Last Updated: December 3, 2021, 9:22 am

OPINION | Mindfulness: Best practice for mental health


Practicing mindfulness, being aware of mental and physical health as well as meditations, results in positive changes in life. Graphic by Misha Mosiichuk.

Focus on yourself, focus on your thoughts, and be in tune with your feelings — this is how you can achieve the best mental state possible for you.

According to Mindful, “Mindfulness is the basic human ability to be fully present, aware of where we are and what we’re doing, and not overly reactive or overwhelmed by what’s going on around us.”

It’s about being in tune with yourself, your body, your mind, and what is going on around you. Being aware and “in the moment” will be powerful which can make a difference in your life for the better.

Having a sense of awareness will improve your mental health by reducing your stress which, likely, most of your stressors are about future situations. If you’re able to be in and accept the present moment, you will not worry about future happenings.

Psychology Today states: “As mindfulness shifted into mainstream science and medicine, it became a pivotal therapeutic technique; it was integrated into Mindfulness-Based Cognitive Therapy, Dialectical Behavior Therapy, and Acceptance and Commitment Therapy, among others.”

The ability to be mindful is a quality all humans have, it is something you can find within yourself. We all have the ability to practice mindfulness. It may take practice and repetition to fully get it down and notice a difference, but everyone has the ability to partake in mindfulness.

According to Help Guide, mindfulness is about accepting the current state of you, not judging your emotions, feelings or thoughts. The ability to be accepting of your current state is so healthy and will allow you to feel happier and more present in your day full of activities.

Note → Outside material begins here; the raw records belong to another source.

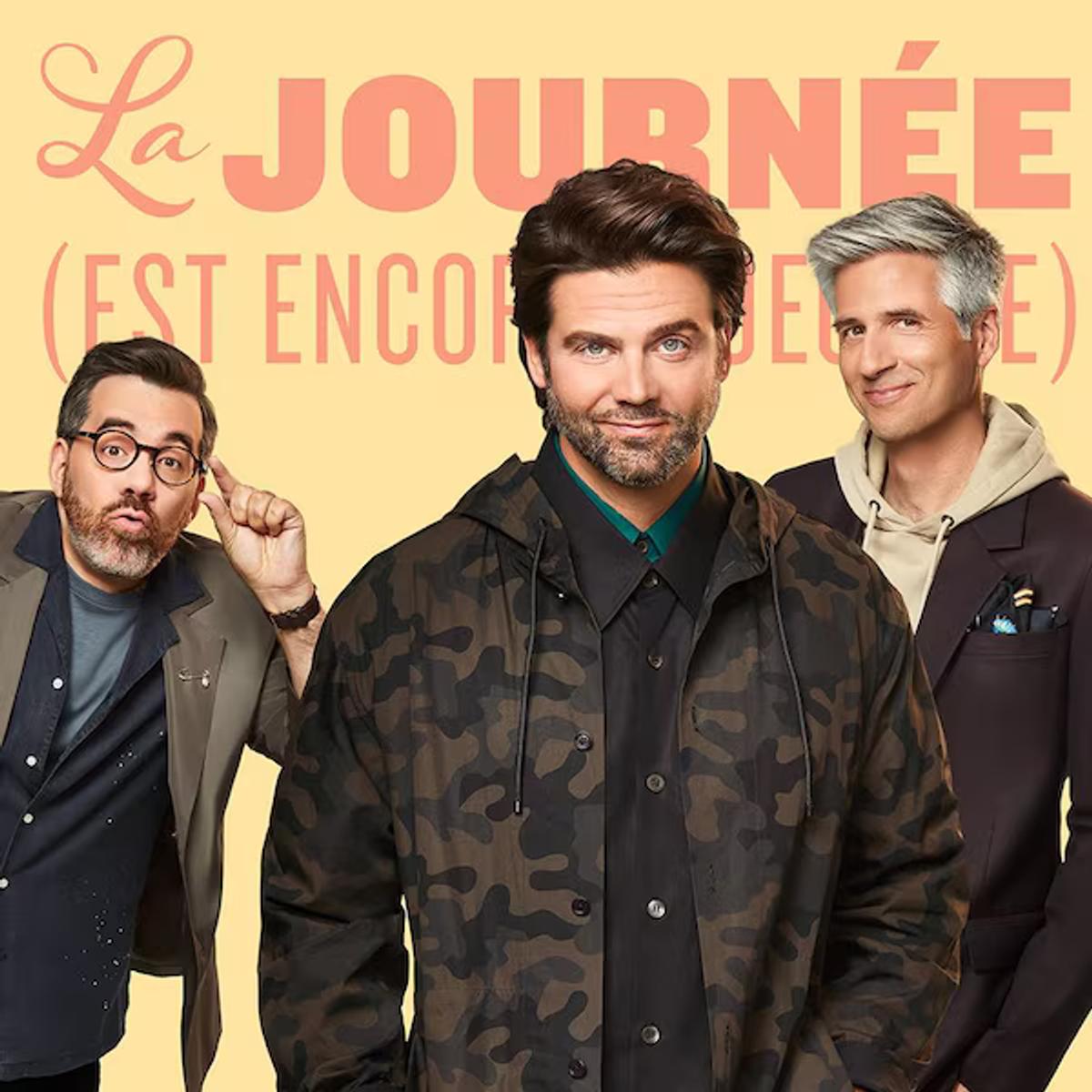 Jean-Philippe Wauthier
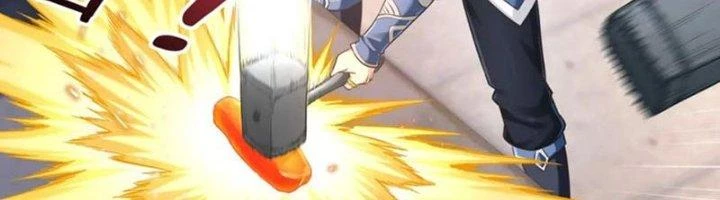 Ta Cày Level Từ Trong Gương Chapter 55 - 234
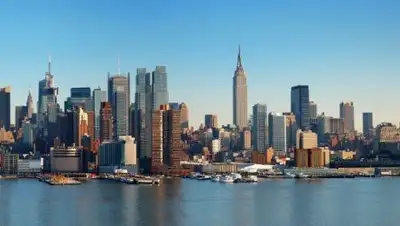 Zakon.kz, фото - Новости Zakon.kz от 24.10.2017 15:11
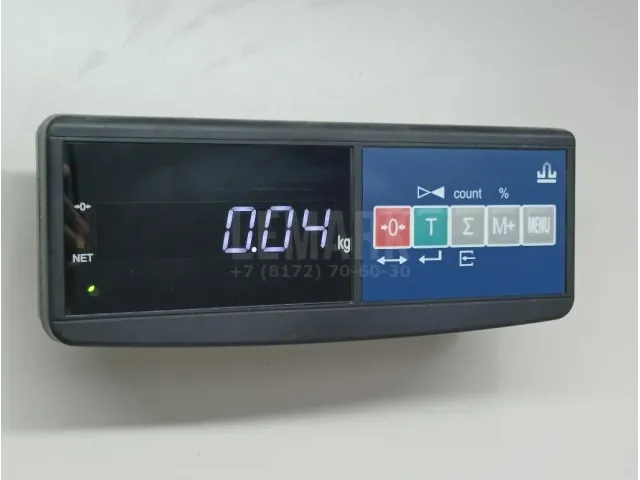 Кнопка стеклоподъемника для  Ford Mondeo V 2015-2022
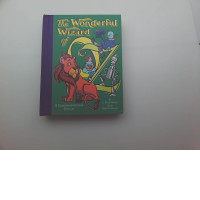 Children's story books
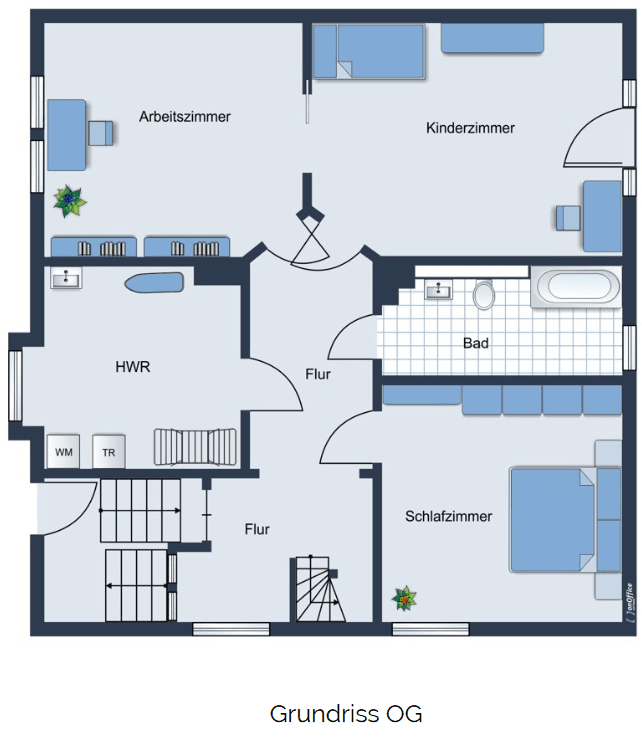 house for sale, 290 m², Malente, Schleswig-Holstein house for sale, 290 m², Malente, Schleswig-Holstein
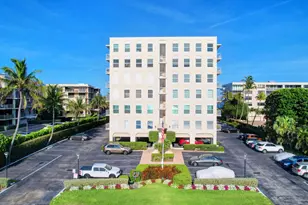 3230 S Ocean Blvd, Palm Beach, FL 33480 - Photo 4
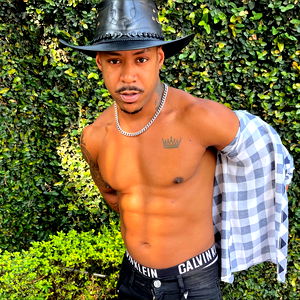 Lucas Scudellari photo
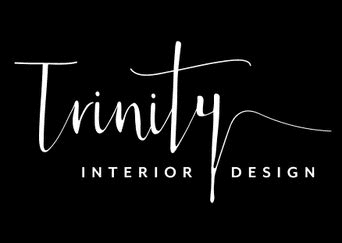 Trinity Interior Design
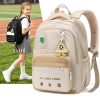 Factory Direct Casual Backpack for Bulk Wholesale Buyers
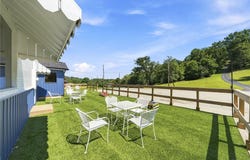 614 Schenley Rd, Leechburg, PA 15656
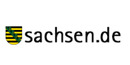 Staatsbetrieb Sächsisches Immobilien- und Baumanagement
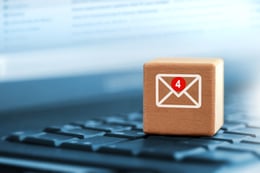 Phishing-Angriffe in der Schweiz haben sich im letzten Jahr mehr als verdoppelt
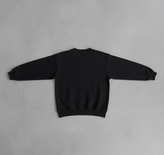 delux3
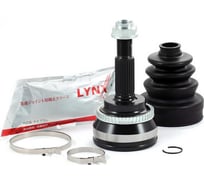ШРУС наружный LYNXauto CO-3647A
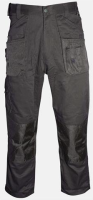 WORKMAN TROUSER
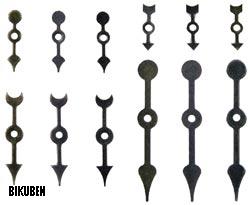 Tim Holtz: Idea-ology GAME SPINNERS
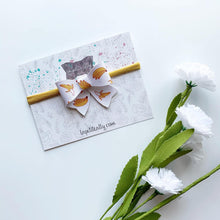 Charger l'image dans la galerie, Clara Banane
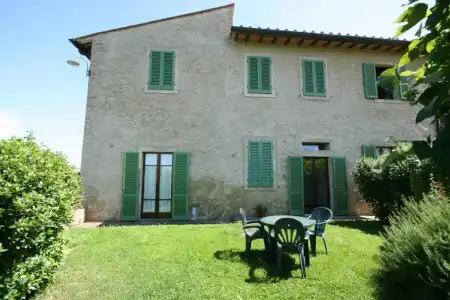 Podere il Pino - 81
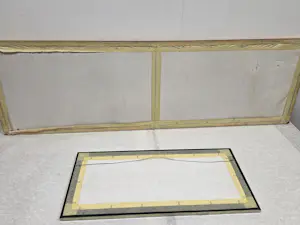 Sabine Vess - Proef kopen? Bied vanaf 20!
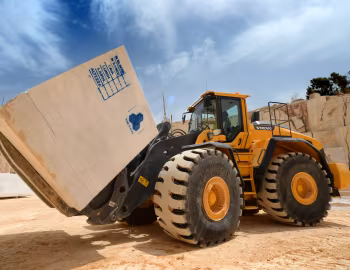 Volvo L220H '2014–н.в.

“Being mindful makes it easier to savor the pleasures in life as they occur, helps you become fully engaged in activities, and creates a greater capacity to deal with adverse events,” Help Guide states.

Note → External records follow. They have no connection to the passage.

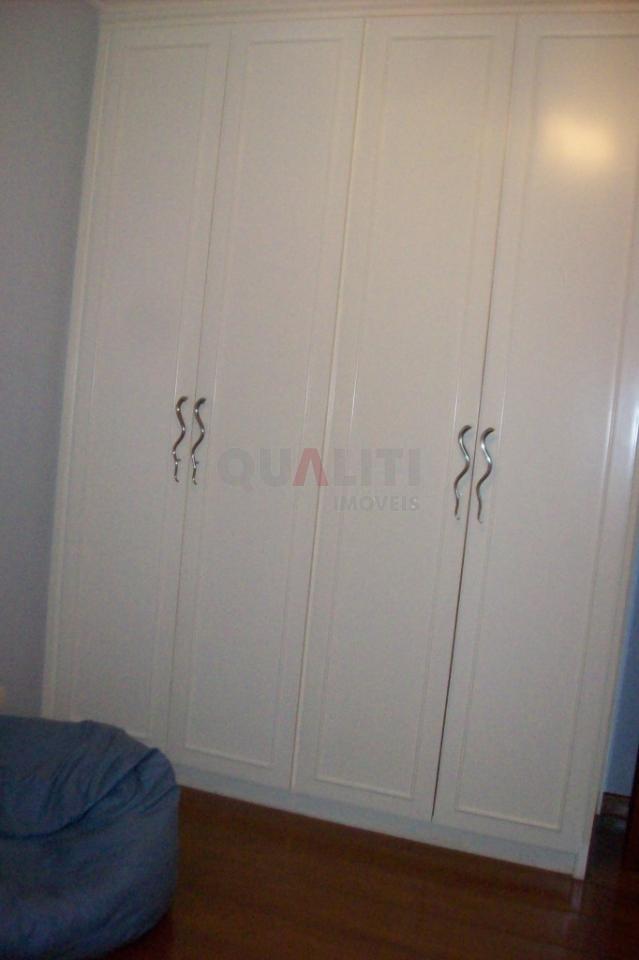 Apartamento para locação em Moema, 4 dormitórios, 2 suítes, 3 vagas de garagem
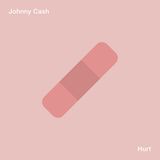 Johnny Cash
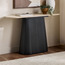 Tom Console Table-furniture-livingroom-consoletablesandmirrors-image-6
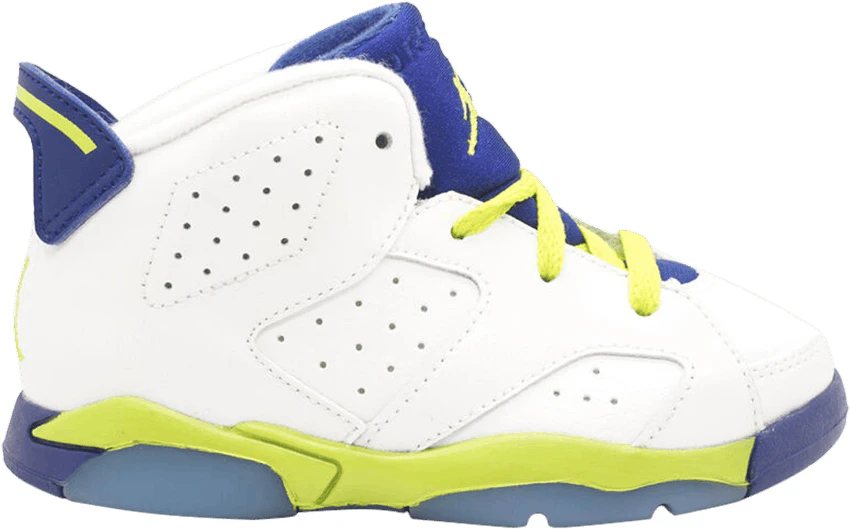air-jordan-6-retro-gt-fierce-green-td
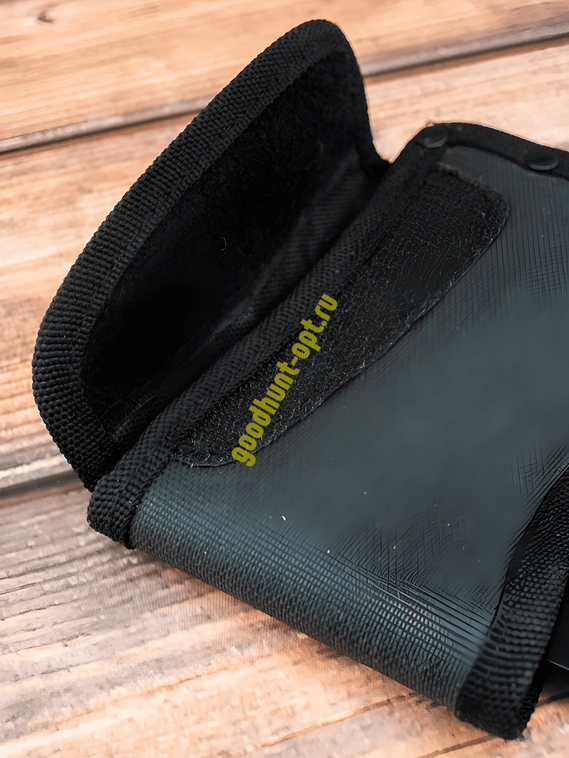 Туристический походный топорик колун от Gerber черный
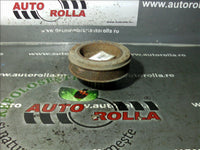 fulie motor Peugeot Boxer2.3JTD an 2005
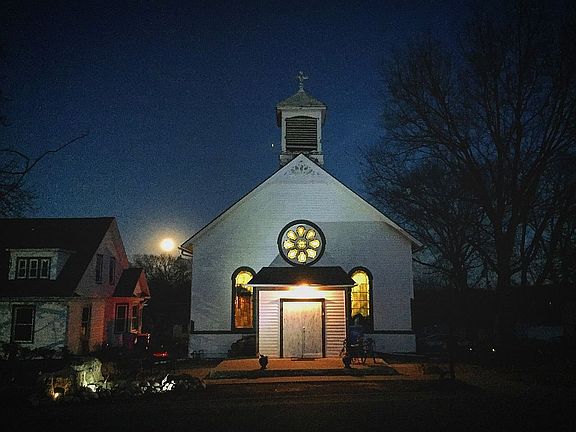 4th image of 707 River St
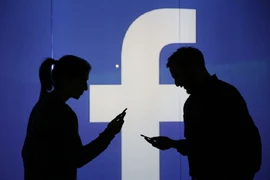 Sắp ra mắt tính năng hạn chế nghiện Facebook 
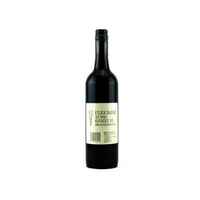V 0'Clock Shadow Shiraz - Liquor Lab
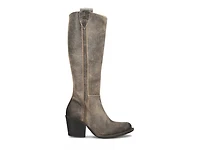 Avery Boot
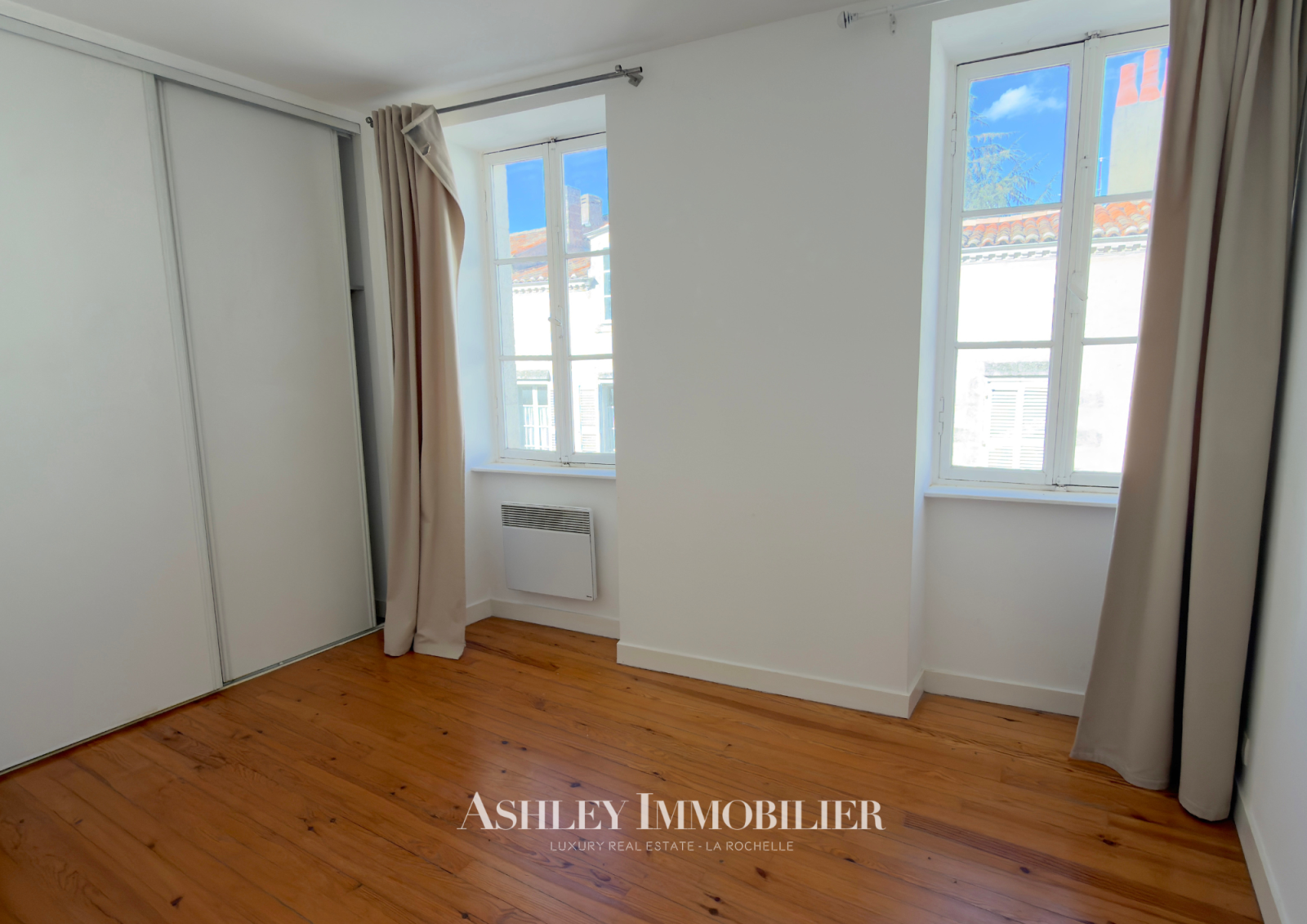 Image_5, Immeuble, La Rochelle, ref :1080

Here are a couple of the ways I like to add mindfulness to my day.

  • YouTube is a great resource to find guided meditations. In the search bar you can type in “mindfulness meditation.” In the video there will be a voice guiding you through mindfulness practices. It includes specific meditations for bedtime, morning time, middle of the day, etc.
  • Journaling is a way to get the thoughts that are swirling around in your head out of there and on paper. Whether you use a gratitude journal or a journal of your day, it can help you to be in-tune with your feelings and emotions. This is also a great way to have self-care time as you are essentially self-talking when you journal.
  • Going on walks can do wonders for you, mentally. Whether you like to go with a friend, by yourself and listening to the sounds of nature, or tuning into your favorite podcast to listen to while walking, all will be beneficial and make a difference. This is also a great way to add physical movement into your day which will also improve your mental health.
  • Be in tune with your breathing patterns. Focus on your breathing if you are feeling overwhelmed because this is the best way to recuperate yourself and be mindful of your body and the energy it is releasing.

According to Mayo Clinic, practicing mindfulness exercises can help you direct your attention away from all of life’s stressors and engage with the world and space around you.

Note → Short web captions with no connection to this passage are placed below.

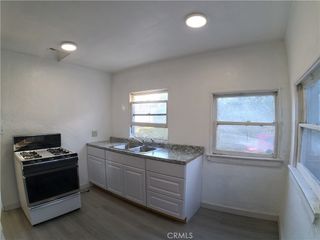 1659 260th, Harbor City, CA 90710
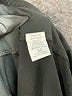 Unbranded Black Dress Pants Size M - photo 7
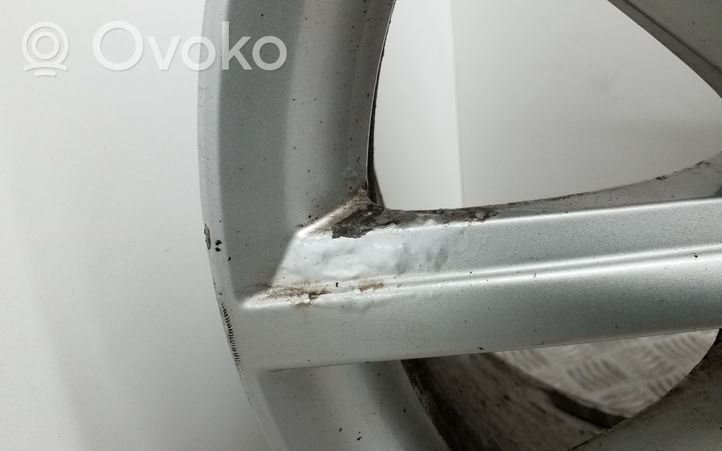 Skoda Octavia Mk3 (5E) Felgi aluminiowe R17 5E0601025E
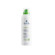 Rilastil acnestil spray corpo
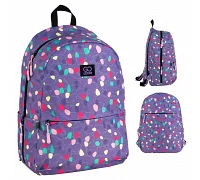 Рюкзак шкільний GoPack Teens 41 см (GO25-188M-2)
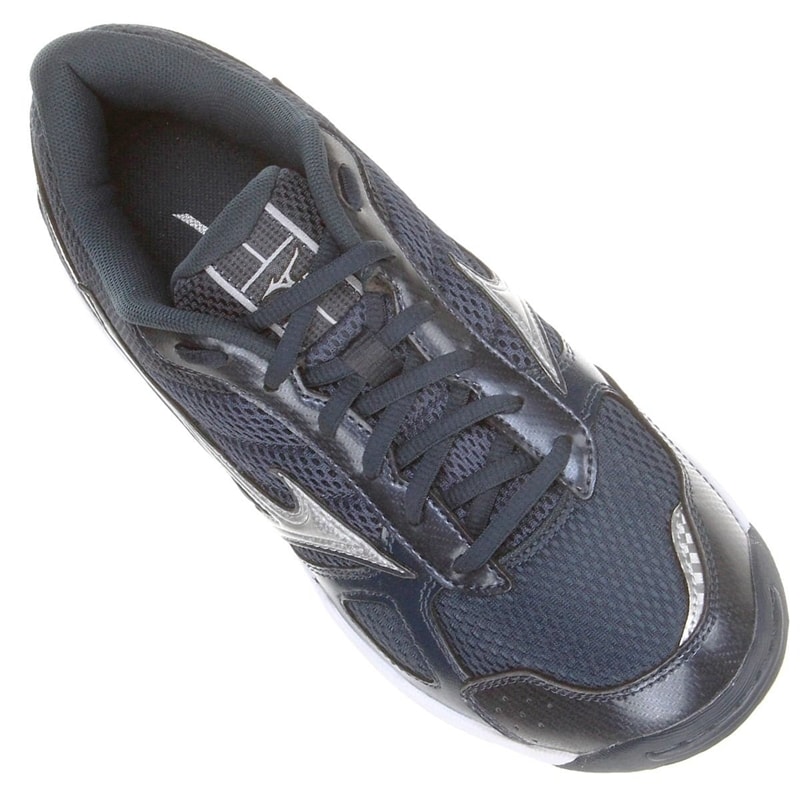 Mizuno hotsell twister 3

Mayo Clinic states: “Aim to practice mindfulness every day for about six months. Over time, you might find that mindfulness becomes effortless. Think of it as a commitment to reconnecting with and nurturing yourself.”

Adding mindfulness practices to your day will increase your mental health state immensely. Start today, begin the journey of acceptance and peace. Once you find and realize there is a safe headspace for you to be where you can forget all of the things circulating in your head like planning, problem-solving and negative thoughts, you have achieved mindfulness.